You can also find service manuals for a Ford 6600 on ebay. The I&T manuals are not expensive, but they do not go into extreme detail.

Your fuel gauge sending unit (float sensing unit inside tank) is probably defective. You have to remove the hood to get to it. It is installed in the top of the tank. I see that you have a cab on your tractor, which means that you have to tip the cab back to remove the hood. You might want to defer this repair until you have to split the tractor to change the clutch.

You can loosen the instrument cluster (carefully - tip it out to gain access to the connections in back) and check the gauge by shorting the fuel gauge terminal that connects to the sending unit to ground to see if you get a reading. If the gauge is defective, I think you will have to replace the instrument cluster. You can find replacement instrument clusters on ebay see item 261160769509.

Parking brakes are a European requirement. In the States, we usually use a foot brake locking mechanism for parking the tractor. Go to the New Holland Online Parts Store on the internet to see if they provide details about your parking brake. Diagrams attached.

In looking at the attached parking brake mechanism in the diagram, it is possible that it simply locks the footbrakes. To check this out, step on the footbrakes and pull up the parking brake handle. Do the footbrakes stay engaged??


----------



## tilegrfos (Feb 7, 2013)

Thank you very much!


----------



## tilegrfos (Feb 7, 2013)

If I bind the hand throttle with an elastic rope, so that it acts like a spring for the foot throttle when I change gears on the road, will I cause problem on the throttle mechanism?

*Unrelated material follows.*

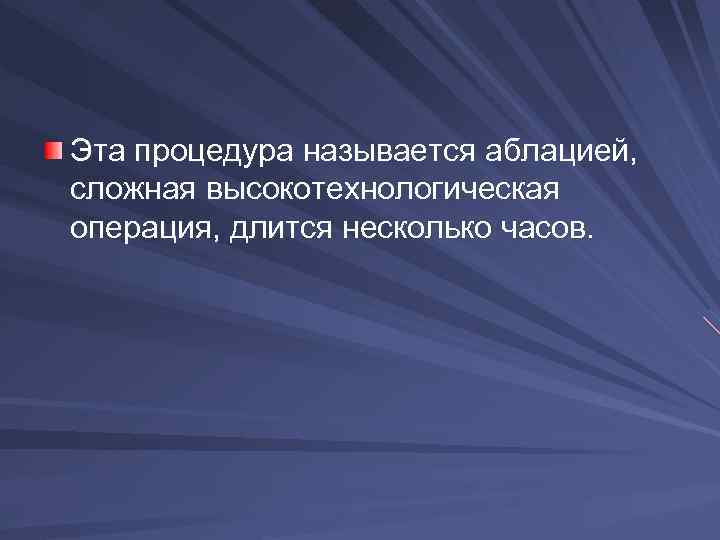 Эта процедура называется аблацией, сложная высокотехнологическая операция, длится несколько часов.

I try to make the foot throttle of the tractor to act like the throttle of the car. In a manual transimition car we take our foot off th throttle to change gears, so that the gear can sychronize with the revs of the engine. Can I do the same thing on the tractor, by binding the hand throttle on a fixed point?

Sorry for repeating the question, but my English are not so good, and I don't know if my question was comprehensible.


----------



## Big_T (Dec 1, 2011)

The hand throttle is not supposed to move with the foot throttle. Check to see if you leave the hand throttle at idle position, if the foot throttle then works as you want it to. As I understand it, the foot throttle only will drop as low as the hand throttle is set.. Set the hand throttle to 1000 rpm, then the foot throttle can advance higher, but not lower.. that's how it is supposed to work. 

There should be a foot throttle return spring under the Right Hand running board (foot rest). If the foot throttle doesn't return after being advanced beyond the hand throttle setting, the problem is between the foot throttle pedal and the bottom of the hand throttle rod (lower right rear corner of the steering box). Find out if the return spring is there, and if so, why the linkage is binding.

There is a friction disc on the hand throttle shaft, that you can tighten to get the hand throttle to hold position. Tighten the nut on the end of the shaft. With the cab on your tractor, you may not be able get to this friction disc. 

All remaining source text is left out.